Comme beaucoup d'adolescentes, Jenny Marchand est mal dans sa peau. Pas d'amis, physique ingrat, caractère revêche, elle observe de loin ces adolescents populaires qui ne la remarquent même pas. Un jour d'audace folle, elle tente sa chance auprès d'un beau garçon dont elle est amoureuse. le rejet et la honte, puis le harcèlement sur les réseaux sociaux, exacerbent en elle la colère et la détresse. Perdue dans sa détresse et sa solitude, Jenny ne voit aucune issue. Mais un message change sa vie. Une inconnue lui tend la main, lui offre son amitié. Pour la première fois, Jenny a une amie, qui l'accepte, la comprend et la soutient. Alors, à corps perdu, Jenny se jette dans cette amitié empoisonnée. Quelques mois à peine suffiront à transformer l'adolescente complexée en apprentie terroriste.
Ainsi donc, comme
Anaïs Llobet dans l'excellent
Des hommescouleur de ciel,
Abel Quentin s'empare du sujet brûlant de la radicalisation et du passage à l'acte terroriste d'adolescents en perdition. Radicalisation n'est d'ailleurs pas le bon terme, comme l'a expliqué l'auteur. Jenny ne connaît rien à l'Islam, Jenny ne comprend pas, Jenny ne réfléchit pas. Elle est abreuvée sans cesse de mots et d'images de haine, échos de sa colère et de sa souffrance. Ce n'est pas une conversion, c'est un lavage de cerveau.
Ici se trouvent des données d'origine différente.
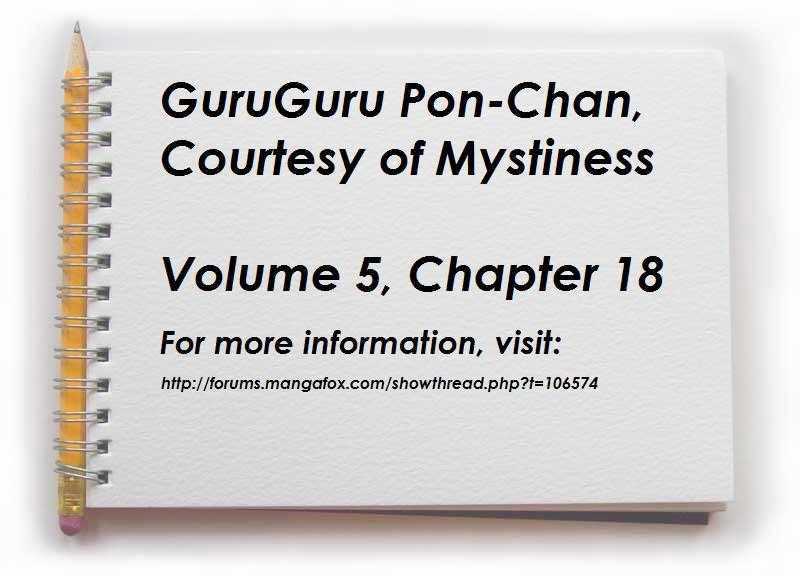 Guru Guru Pon-chan Chapter 18 page 25 - Chapter 18 : I'm Right Here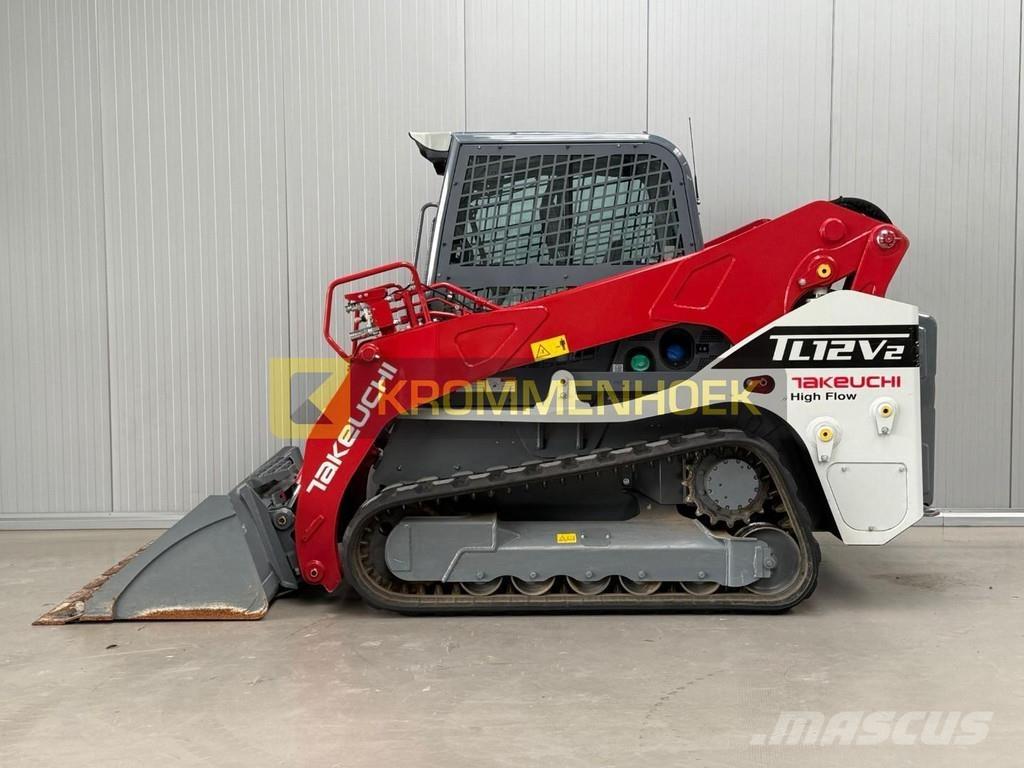 Takeuchi TL 12V-2 Krautuvai su šoniniu pasukimu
Cela paraît impossible et pourtant… combien de parents ont vu ainsi dériver l'enfant aimé… C'est troublant, terrifiant.
Abel Quentin nous entraîne dans l'esprit de Jenny, certaines lectrices (et lecteurs) pourront se reconnaître un peu dans cette jeune fille perdue, proie idéale pour des fous en tous genres. Car elle n'est que ça finalement, une gamine paumée, qui se croit enfin acceptée, qui fait partie d'un groupe pour la première fois de sa vie, qui a l'impression d'avoir un but alors que son avenir lui semblait vide. Une gamine paumée chez qui les versets sanglants et les images de décapitation, cohabitent avec le monde de Harry Potter
Outre le récit de la descente aux enfers de Jenny, Abel Marchand nous raconte celle de ses parents. Un couple ordinaire, classe moyenne, pavillon en banlieue. Ils assistent, impuissants, à la transformation de leur fille. Ils cherchent de l'aide mais n'en trouvent aucune. La gendarmerie ne peut rien faire, les associations non plus, pas plus que le proviseur du lycée. Ils n'ont aucune prise sur leur fille, qui à 15 ans, comme on le croit souvent à cet âge, est persuadée qu'elle sait tout et que ses parents ne savent rien.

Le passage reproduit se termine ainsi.